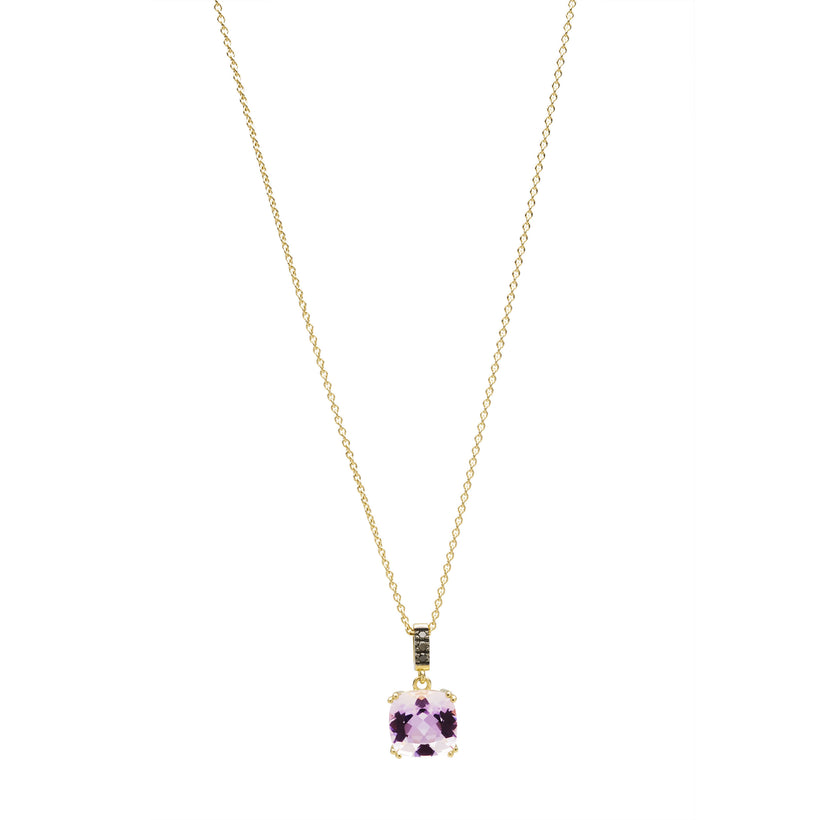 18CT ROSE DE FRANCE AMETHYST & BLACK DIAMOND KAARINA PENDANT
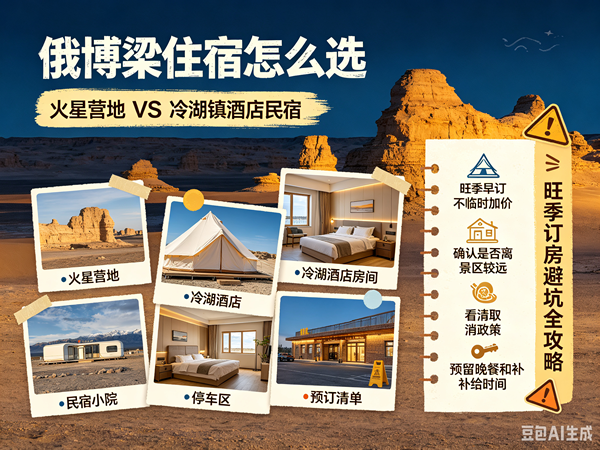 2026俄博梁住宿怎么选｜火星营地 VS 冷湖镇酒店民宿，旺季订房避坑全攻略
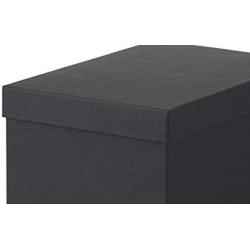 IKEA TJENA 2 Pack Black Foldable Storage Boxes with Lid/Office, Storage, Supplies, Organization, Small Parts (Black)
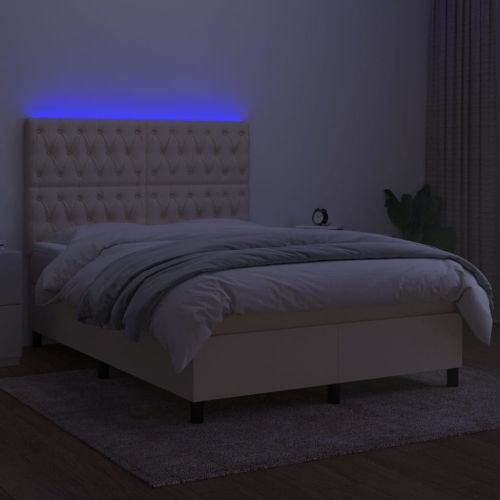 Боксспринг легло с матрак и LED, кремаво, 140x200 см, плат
* * * *
- **Task goal**
Write the listing again exactly, duplicating every line and skipping the pictures.

- **Written solution**
 18CT ROSE DE FRANCE AMETHYST & BLACK DIAMOND KAARINA PENDANT
 2026俄博梁住宿怎么选｜火星营地 VS 冷湖镇酒店民宿，旺季订房避坑全攻略
 IKEA TJENA 2 Pack Black Foldable Storage Boxes with Lid/Office, Storage, Supplies, Organization, Small Parts (Black)
 Боксспринг легло с матрак и LED, кремаво, 140x200 см, плат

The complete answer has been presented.